Entretanto essa é minha principal ressalva do filme, pois na totalidade da sequência raras vezes me peguei reparando no ridículo da locação, na grande maioria viajei tranquilo e gostoso na história me deixando alegremente iludir pela poesia da película. As performances dos atores são muito boas, destaque para Massimo Troisi, no papel de Pulcinella, hilário; Emmanuelle Béart e Ornella Muti, nos papéis de Isabella e Serafina, respectivamente, lindíssimas.
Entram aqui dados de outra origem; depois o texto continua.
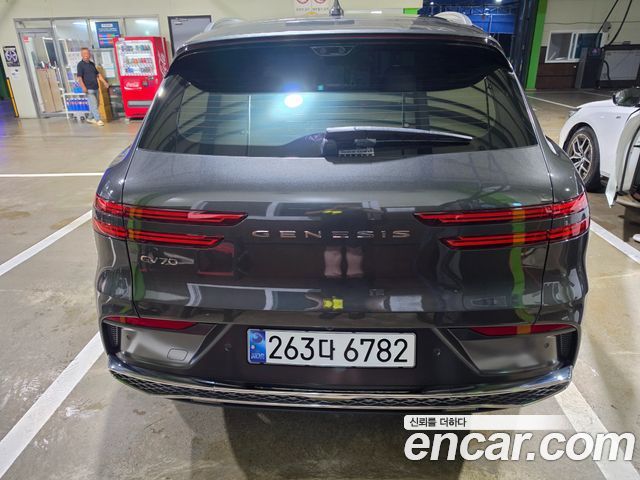Genesis GV70 2.5T Gasoline 2WD — пробег 7 000 км — фото 2 из 5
A narrativa se passa entre a Itália e a França, em 1774, começa no meio, volta para o começo com flashbacks, retorna ao ponto em que começou no clímax e avança linearmente ao seu desfecho. Vicent Perez - O barão de Sigognac - está na carroça de uma trupe de atores à caminho de Paris mortalmente ferido e um fiscal de saúde que leva água para eles convence um deprimido Pulcinella a contar a história do Barão. Daí pulamos para um flashback ao começo da história.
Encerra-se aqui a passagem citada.